Actually, Death IS in the 20 questions site. You have to register and set it to pg, rather than g.
Drethelin, a bit annoyed that this is the first thing he felt the need to contact a famous author about, but still too paranoid to put his real name.
Ah. That had never occurred to me. It would nervously get up to its twentieth question, and then nervously suggest "a shadow?" or "a hole?" or "the colour black?"
Hi Neil,my name is Coraline I'm 27 and I live in Italy ,actually I'm both french and Italian...i was sure till today that my name was unique! Since my name has always been a mystery to me I'd love to know why and how you choose this name...that's mine...!
Well, your name is pretty unique, actually. (And several dozen of the people reading this will shake their heads and go "you can't be pretty unique! there are no shades of uniqueness! either you are unique or you aren't!" and mostly I agree with them.)
It started for me as a slip of the fingers -- I was typing to a Caroline, and it came out wrong. Larry Niven wrote an essay collected in the Bretnor book on writing science fiction where he talks about treasuring your typos as ways to name characters or alien races, and that's the only time I've ever done that. I loved the name -- the way it was like, but not like, the name Caroline, the way it reflected, that it was about coral, which is both beautiful and hard and hidden...
The first time I noticed it as a real name, I was reading the memoirs of Casanova, and at one point, at a ball in Venice, if I remember correctly, he met a young lady named Coraline. "It's a real name!" I thought.
When the book was out in proof editions, I remember checking e-bay to see how much people were selling them for, and discovering that people were selling things connected with Coraline corsets -- and I found the sheet music for a Victorian song called Coraline and paid my less-than-five-dollars for it. It was one of those songs about a sad young lady who had died in unfortunate circumstances that were never really spelled out, and all of the rhymes for Coraline were "een" words, like queen and been and mean. (I pronounce the title of the book, and the name of the heroine, in English, Coraline, to rhyme with Horror-wine, although when I'm in France I pronounce it "corraleen". But am happy for people to pronounce it any way they want to. In Poland they pronounce it Koralina, and spell it like that as well.)

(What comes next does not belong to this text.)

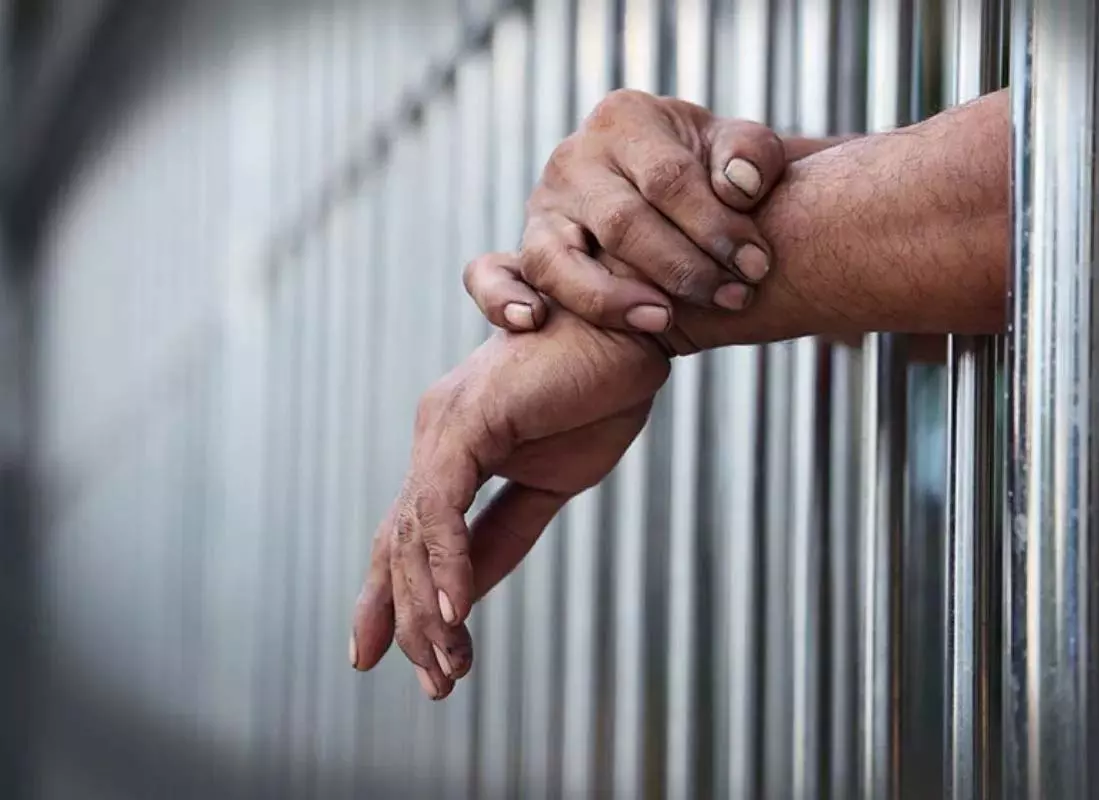 पाकिस्तान की हेरोइन के साथ गिरफ्तार हुए दो तस्करो को मिली 6-6 साल की जेल पाकिस्तान की हेरोइन के साथ गिरफ्तार हुए दो तस्करो को मिली 6-6 साल की जेल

I thought it was an antique name, but have now signed several books for Coralines -- and have been introduced to a handful of very, very small Coralines (named after the book) so I assume that there will be more coming....
And, of course, it's a word for a kind of algae, and for a kind of rock. It's what Stone Town in Zanzibar is made of....
I'm pretty sure this is not frequently asked but for once it is actually a question.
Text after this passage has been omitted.